On joue une comédie proche d'un spectacle de marionnettes. Tel Guignol étourdi, le Corrézien s'étire entre fromages et fumier, alors que des commandos sarkozystes le canardent sans faillir : « Attention ! Hollande ! », s'écrie une partie du public. Mais que voulez-vous, la veille au soir, sur TF1, le socialiste s'est pris pour un socialiste. Il a joué avec le fisc comme avec le feu. Il a décrété que les émoluments dépassant le million d'euros par an seraient, à partir de cette somme astronomique, assujettis à un impôt doré sur tranche : 75 %.
Fabuleux tour de bonneteau linguistique sur les chaînes jumelles : ce n'est plus le salaire qui devient mirobolant, mais le taux d'imposition ! Chacun voit soudain se refermer sur son mollet la mâchoire de ces horribles 75 % ! Tandis que François Hollande trace son petit bonhomme de chemin à la porte de Versailles, le voici très vite affublé d'un bonnet d'âne, ce benêt attardé parmi les charcuteries : « Hollande veut moins de riches alors que Sarkozy veut moins de pauvres », cisèle, la mine gourmande, le ministre Chatel. Le ministre Juppé, avec l'air important de celui qui se retient, parle simplement de "confiscation fiscale". Les imprécations font mouche. Trois petites phrases et puis s'en vont.

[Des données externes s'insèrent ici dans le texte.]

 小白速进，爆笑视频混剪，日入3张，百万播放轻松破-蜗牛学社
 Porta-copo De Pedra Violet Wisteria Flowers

Alain Juppé lâche une phrase lourde d'impression, à propos du prétendant PS : « Il rame pour suivre le flux de Sarközy ». Le message est massage, il s'inscrit, synchrone, dans ce bain bouillonnant d'infos des deux chaînes hystériques spécialisées : d'un côté le socialo ramollo qui s'égare, de l'autre le Speedy Gonzalès de l'Élysée.
Pauvre Hollande si peu enclin à changer d'époque : il patine, il « perd pied » (dixit l'UMP Éric Ciotti). Il n'a rien appris et tout oublié. Il nous appauvrit puisqu'il s'attaque aux riches. Le chroniqueur Emmanuel Lechypre, sur BFM, qui croyait exécuter à lui seul le député de la Corrèze : « ce genre de mesure coûte plus cher qu'elle ne rapporte : trop d'impôt tue l'impôt », se fait voler la vedette par Bernard Tapie, deus ex machina, Jupiter tonnant contre ces 75 % scélérats : « Quand on fait maigrir les gros, on fait mourir les maigres ». Sur la lancée de son prétendu proverbe chinois, l'ancien ministre, estampillé radical de gauche largement renfloué par la Sarkozie, poursuit sa démolition de François Hollande : « Il a lancé son venin. Être soucieux des pauvres, c'est faire en sorte que les riches restent en France pour créer de la richesse ».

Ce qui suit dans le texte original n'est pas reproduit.